Machine Learning Validation Background

The last few months of ATD-2 were spent preparing to engage with the Digital Information Platform (DIP). In this project, Mosaic was tasked with supporting a demo in the D10 TRACON that utilizes the TOS program developed in ATD-2. The difference here is that the system driving the backend is based on machine learning models instead of legacy STBO. There will be some components from STBO integrated in, but the core system will be running in the cloud while supporting TOS operations.

In parallel to the development and integration of the machine learning models into the system, a validation framework was developed in python for verification and validation purposes. This framework evolved into system health alerting using Airflow.

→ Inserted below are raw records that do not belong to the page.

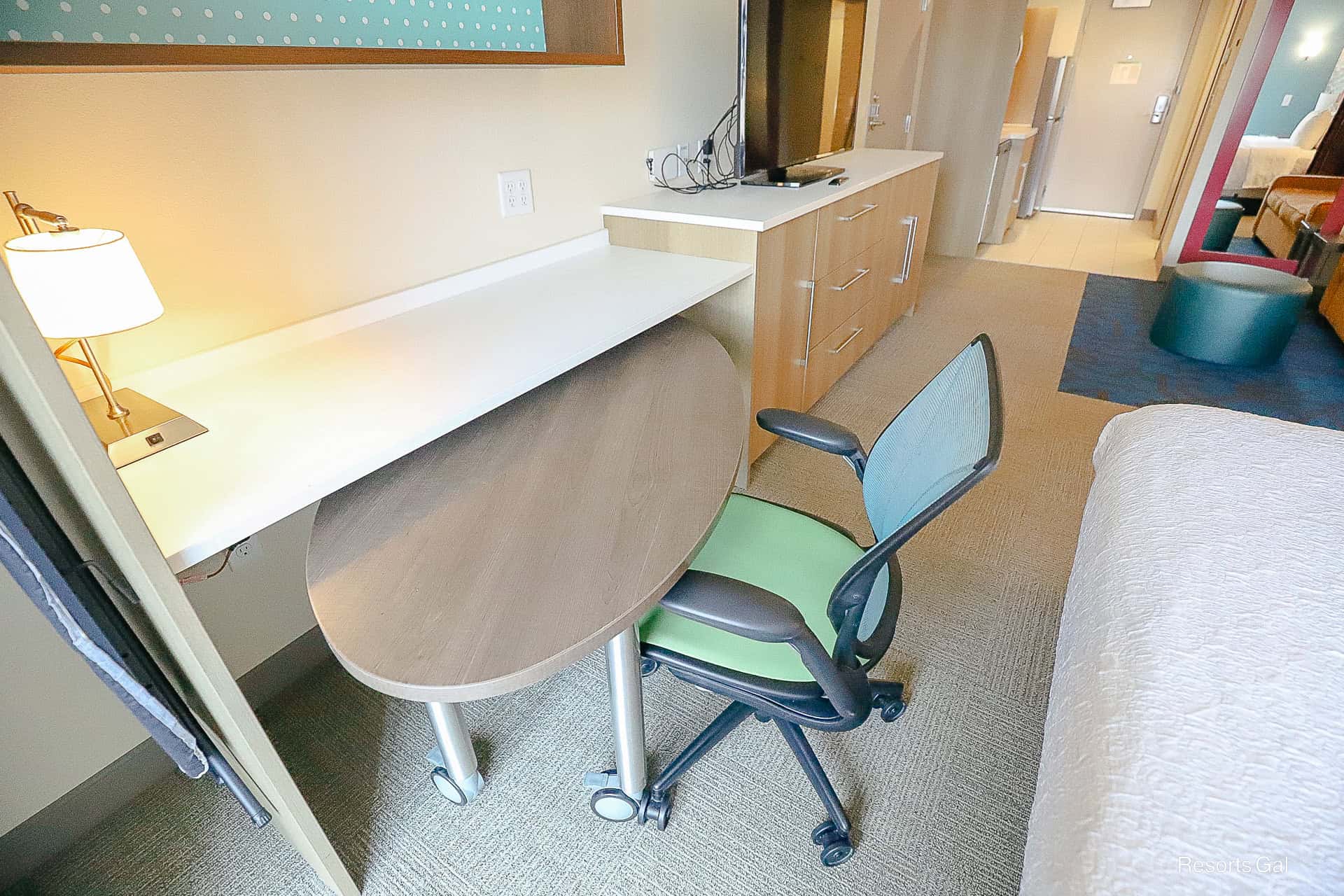 a roll out desk with chair in the hotel room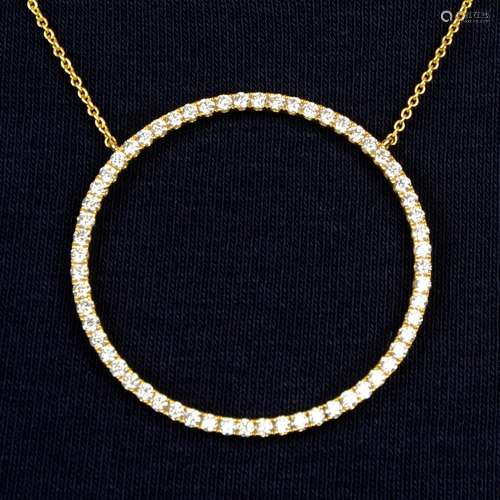 A diamond circular pendant, on chain.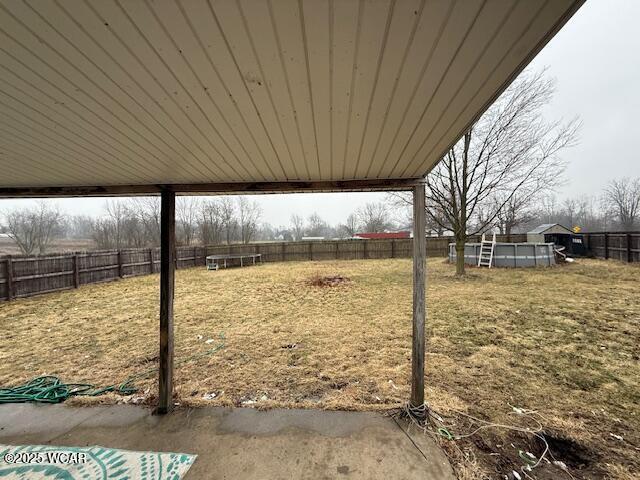 view of yard featuring a fenced in pool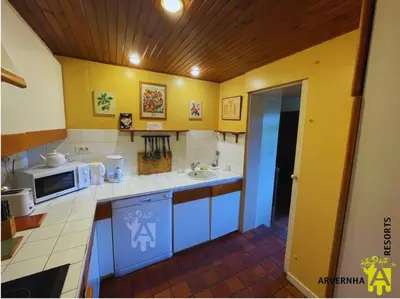 Cuisine ou kitchenette dans l'établissement L'Oustalou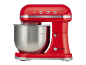 Robot da cucina rosso con ciotola in acciaio inossidabile e il numero 1973 in alto.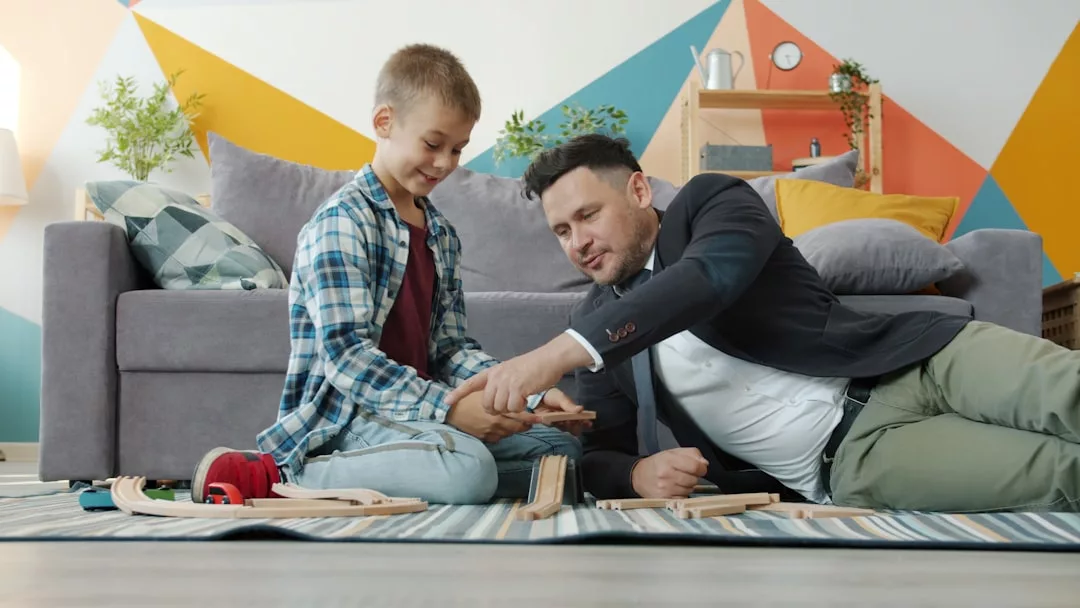 Ein Erwachsener und ein Kind sitzen auf dem Boden eines Wohnzimmers und bauen gemeinsam eine Holzeisenbahn zusammen - eine spielerische Aktivität, die die kindliche Entwicklung unterstützt und die Kreativität fördert.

This task validates the following:

  • Model results are correctly stored in the fuser data and correspond to the correct gufi, timestamp (nothing is lost in the flow from java, flask, etc.)
  • Models are producing all the expected results for each flight
Machine Learning Models

Mosaic has designed and deployed several machine learning algorithms to predict different phenomena in and around busy airports. A few examples are.

  • Taxi Time In
  • Taxi Time Out
  • Arrival Runway
  • Airport Configuration
  • Estimated On-Time Arrival
  • Departure Runway

System Setup

There are multiple systems set up and deployed on NTX equipment. Each one is configured for different airports but leverages the same validation framework. For example, one system runs for the D10 TRACON and includes DFW, DAL, and other small airports within that terminal airspace. Another system is configured to run the Northeast airports, including EWR, LGA, and JFK.

Deployed Models

Models are trained and stored on NTX equipment using ML Flow. The selected version of each model, along with environment specs and training results are stored in a database and can be accessed using a ML Flow Web Interface.

Once models are ready for deployment, they register within ML Flow. The validation framework uses a python module called paramiko to ssh into the live machines and return the model specifications. The validation then pulls the required information from the ml flow server to validate the modeling results.

Validation Tests

The following validation tests are performed on each deployed model:

  • Completeness Test
  • Feature Change Test
  • Identical Features Test
  • Matching Predictions Test
  • Model Response Test
  • Completeness Test

A valid prediction populates in an output table for all flights that have non-null core features and are present in the request data. If a flight has a null core feature, an error code will be associated with the model response and logged in a quality table. This test also ensures that any flights will null predictions have an error code associated.

Sample output for failing tests: These failures occurred before predictions were being written to the data table, and the predictions were being subject to mediation rules with TFM, TMA data.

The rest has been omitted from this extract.